Dynamic quantization can be used to further reduce the model size and increase inference speed.  Pytorch makes this extremely simple with a 1-liner.  Quantization compresses the weights of a pre-trained model without much impact to model performance.  See an example with Pytorch here: https://pytorch.org/tutorials/intermediate/dynamic_quantization_bert_tutorial.html.

# Preparing the Models

In [2]:
# specify the model names for HuggingFace's model hub and the local paths to save/load them
bart_xsum = "sshleifer/distilbart-xsum-12-6"
bart_cnn = "sshleifer/distilbart-cnn-12-3"

bart_xsum_model_path = Path("models/bart_xsum")
bart_cnn_model_path = Path("models/bart_cnn")

In [3]:
# load the tokenizer and model from HuggingFace
bart_xsum_tokenizer = AutoTokenizer.from_pretrained(bart_xsum)
bart_xsum_model = AutoModelForSeq2SeqLM.from_pretrained(bart_xsum)

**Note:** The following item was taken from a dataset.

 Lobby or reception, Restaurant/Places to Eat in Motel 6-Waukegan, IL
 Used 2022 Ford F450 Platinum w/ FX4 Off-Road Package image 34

bart_cnn_tokenizer = AutoTokenizer.from_pretrained(bart_cnn)
bart_cnn_model = AutoModelForSeq2SeqLM.from_pretrained(bart_cnn)

In [4]:
bart_xsum_model_path = Path("models/bart_xsum")
bart_cnn_model_path = Path("models/bart_cnn")

In [5]:
# quantize and save the compressed models
bart_xsum_model_quantized = torch.quantization.quantize_dynamic(
    bart_xsum_model, {torch.nn.Linear}, dtype=torch.qint8
)
torch.save(bart_xsum_model_quantized, bart_xsum_model_path / "model.pt")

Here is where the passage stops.